WHAT YOU ARE ASKED TO DO: The whole listing, pictures aside, should be reproduced exactly.

COLLECTED MATERIAL Block Start

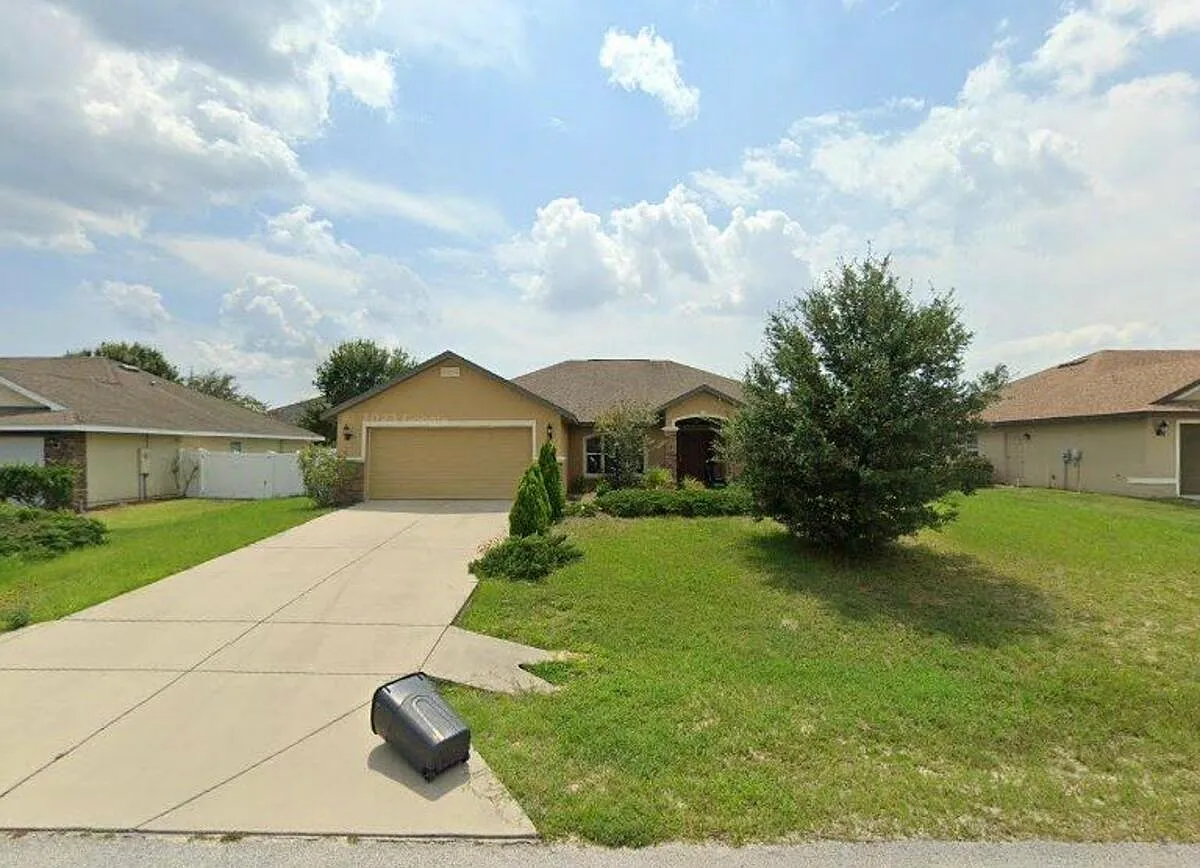 3 bed, 2013 sqft, $1,650 — Photo 2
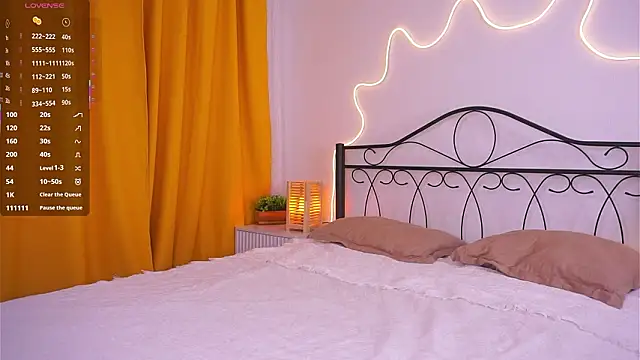 VeronaCritchlow online show from 25, 3, 2026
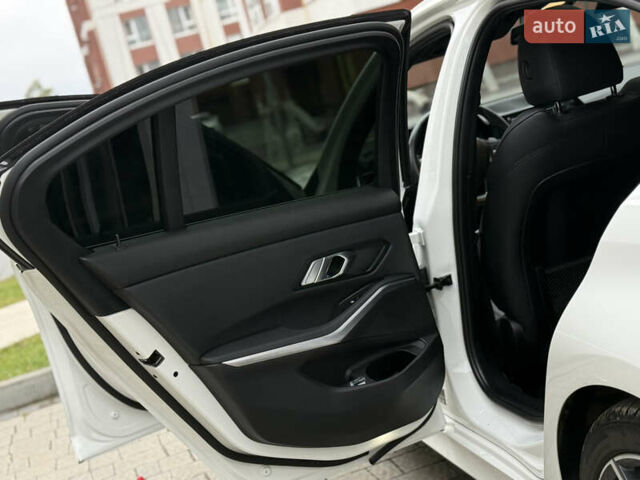 Белый БМВ 3 Серия, объемом двигателя 2 л и пробегом 99 тыс. км за 29999 $, фото 33 на Automoto.ua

COLLECTED MATERIAL Block End

OUTPUT:
 3 bed, 2013 sqft, $1,650 — Photo 2
 VeronaCritchlow online show from 25, 3, 2026
 Белый БМВ 3 Серия, объемом двигателя 2 л и пробегом 99 тыс. км за 29999 $, фото 33 на Automoto.ua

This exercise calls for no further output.